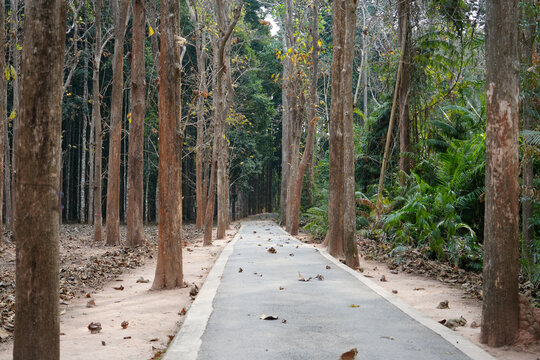 森林中树木旁的空路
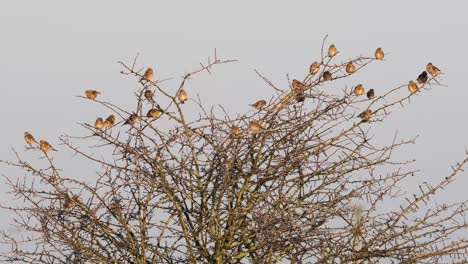 Flock-Of-Small-Birds-Perched-In-Tree-Twite-Meadow-Pipit-Winter-Norfolk-UK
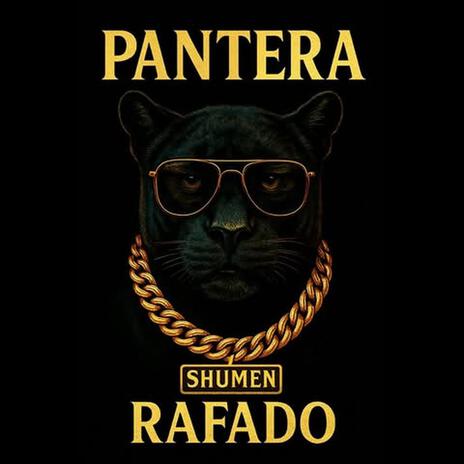 PANTERA cover art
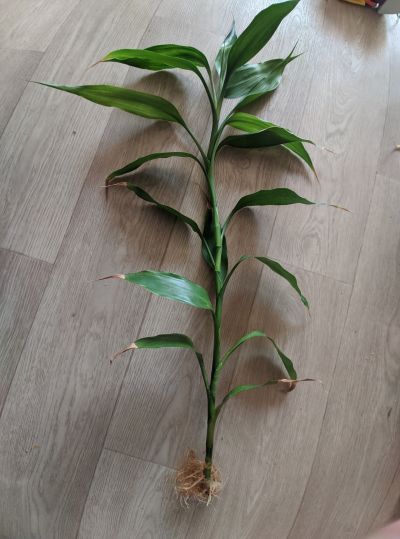 Lucky bamboo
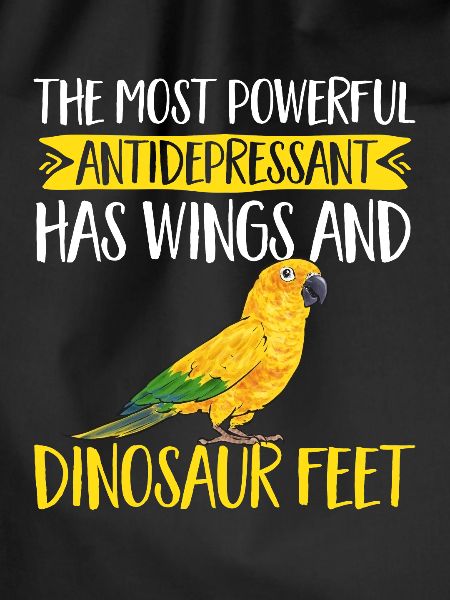 Parakeet, Parrot, Parakeet, Bird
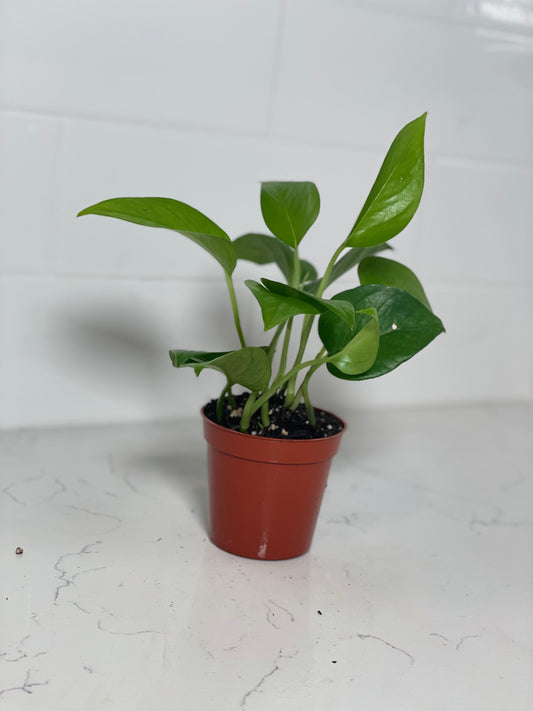 Shangri La Pothos 3" Nursery Pot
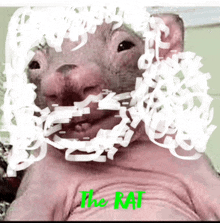 a picture of a rat with the word the rat written on it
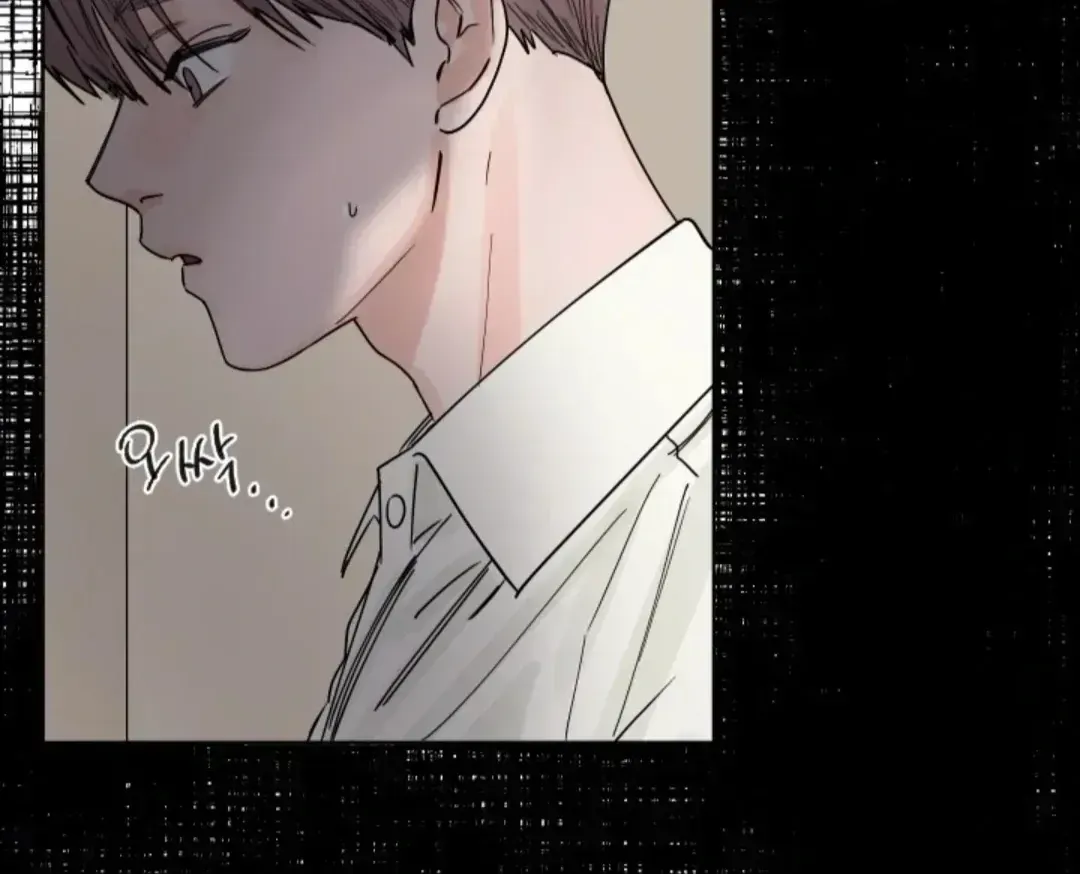 Incident Name: Tsunami: Killer Whale Hunting Method Chapter 2.3 page 107 - 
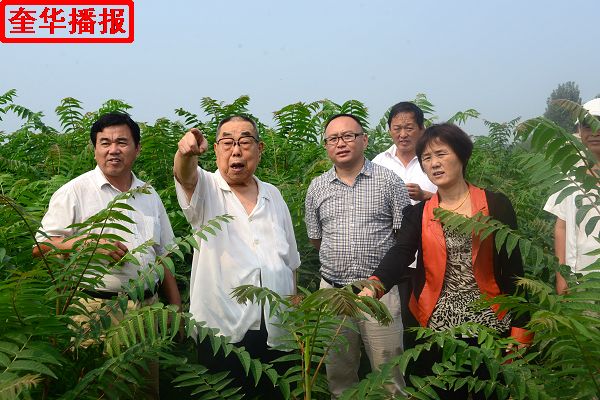 2014年8月29日，张国忠（左二）劳模在茌平县乐平镇南王村山东小杨屯鸭业科贸有限公司绿化苗木第五种植基地。 ...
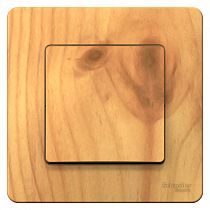 Blanca скрытая установка Ясень Переключатель 1 клавишный , 10А Systeme Electric (Schneider Electric)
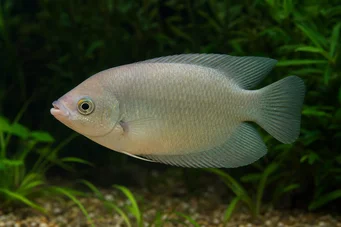 Helostoma temmincki Kissing - Gourami Cumbership
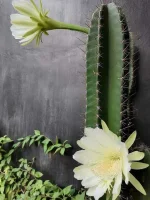 cactus.webp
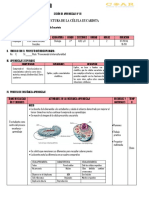 SESIÓN DE Celula Eucariota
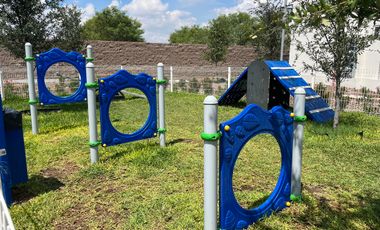 DEPARTAMENTO EN RENTA SANTA FE LIVING GUADALUPE NL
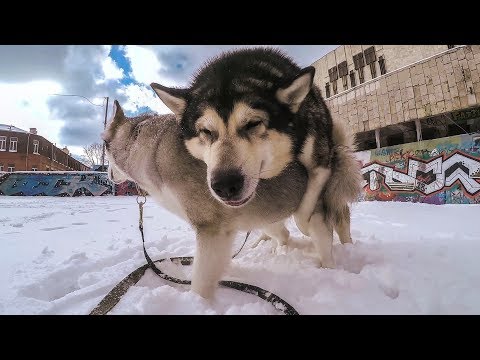 ВЯЗКА СОБАК первый раз / СПАРИВАНИЕ маламутов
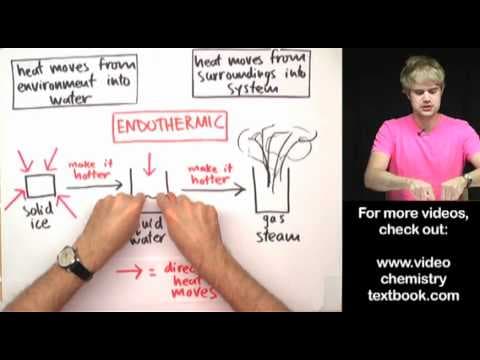 What Are Endothermic and Exothermic Phase Changes? thumbnail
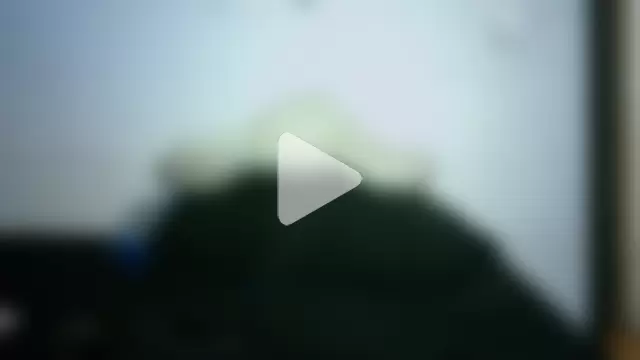 Bellabeltrann photo 15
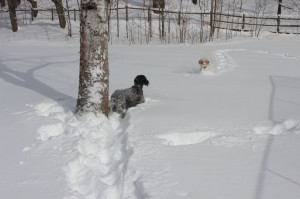 VIOLET MAKES OWN TRACKS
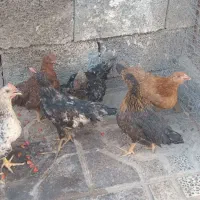 جوجه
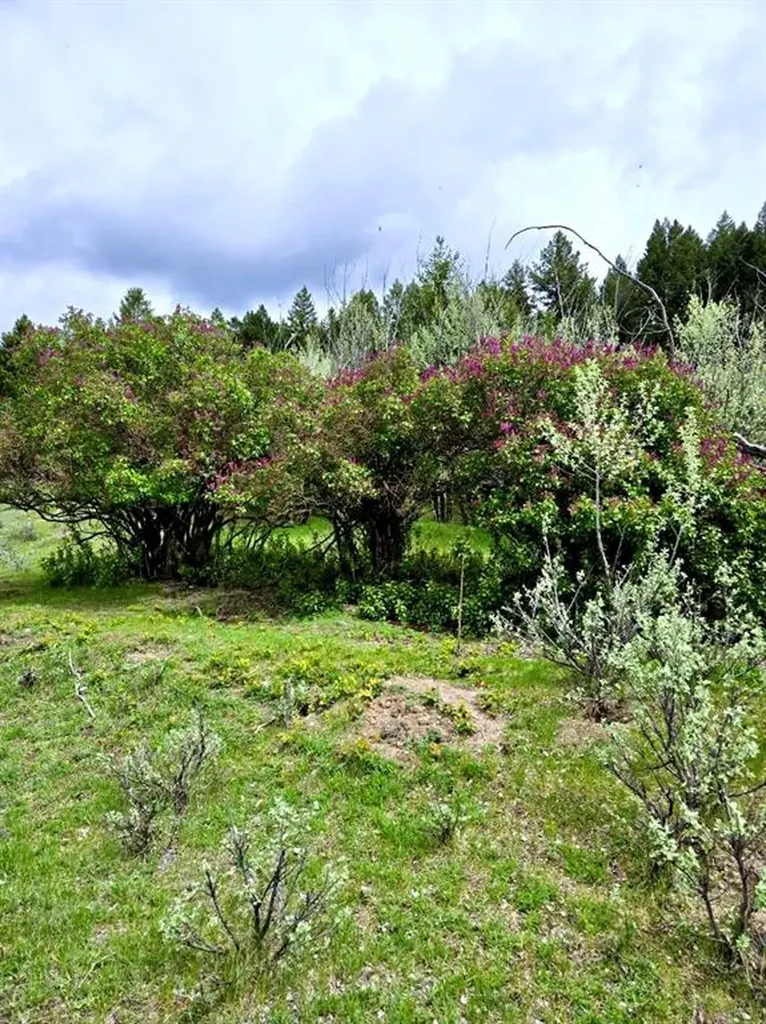 Nhn Ray Flanagan Lane Eureka MT 59917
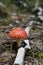 Amanita. Forest red is a beautiful not edible mushroom.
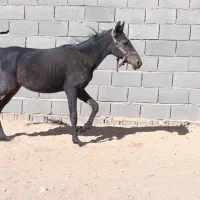 اسب دره شو|اسب و تجهیزات اسبسواری|شهرضا, |دیوار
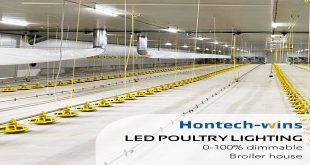 What Factors to Consider for Choosing Poultry Lights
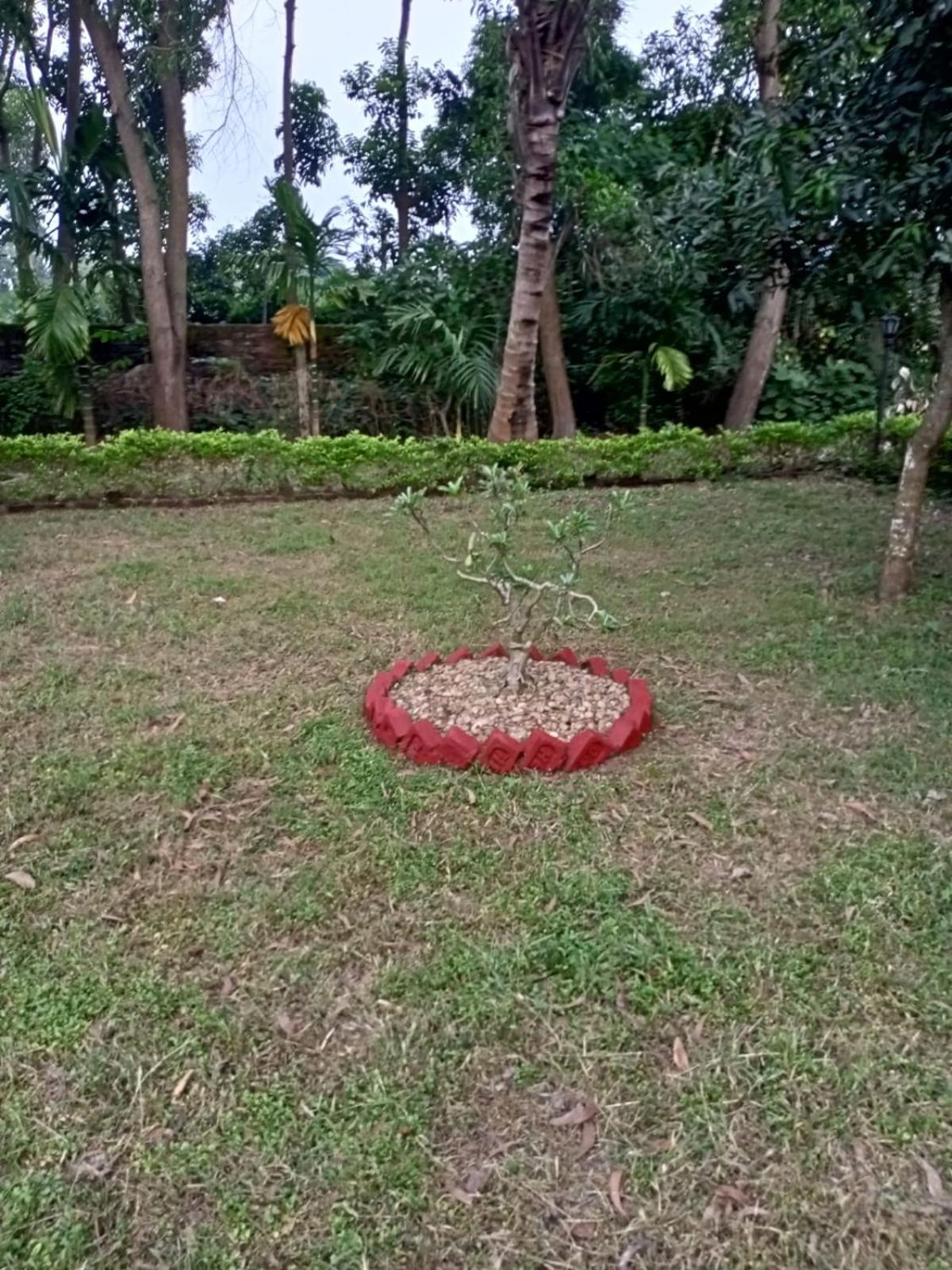 Aranyak Shanti Niketan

================================

→ **ACTIVITY**: Without the pictures, transcribe the listing exactly as it stands.

→ **ANSWER TO THIS TASK**:
 森林中树木旁的空路
 Flock-Of-Small-Birds-Perched-In-Tree-Twite-Meadow-Pipit-Winter-Norfolk-UK
 PANTERA cover art
 Lucky bamboo
 Parakeet, Parrot, Parakeet, Bird
 Shangri La Pothos 3" Nursery Pot
 a picture of a rat with the word the rat written on it
 Incident Name: Tsunami: Killer Whale Hunting Method Chapter 2.3 page 107 - 
 2014年8月29日，张国忠（左二）劳模在茌平县乐平镇南王村山东小杨屯鸭业科贸有限公司绿化苗木第五种植基地。 ...
 Blanca скрытая установка Ясень Переключатель 1 клавишный , 10А Systeme Electric (Schneider Electric)
 Helostoma temmincki Kissing - Gourami Cumbership
 cactus.webp
 SESIÓN DE Celula Eucariota
 DEPARTAMENTO EN RENTA SANTA FE LIVING GUADALUPE NL
 ВЯЗКА СОБАК первый раз / СПАРИВАНИЕ маламутов
 What Are Endothermic and Exothermic Phase Changes? thumbnail
 Bellabeltrann photo 15
 VIOLET MAKES OWN TRACKS
 جوجه
 Nhn Ray Flanagan Lane Eureka MT 59917
 Amanita. Forest red is a beautiful not edible mushroom.
 اسب دره شو|اسب و تجهیزات اسبسواری|شهرضا, |دیوار
 What Factors to Consider for Choosing Poultry Lights
 Aranyak Shanti Niketan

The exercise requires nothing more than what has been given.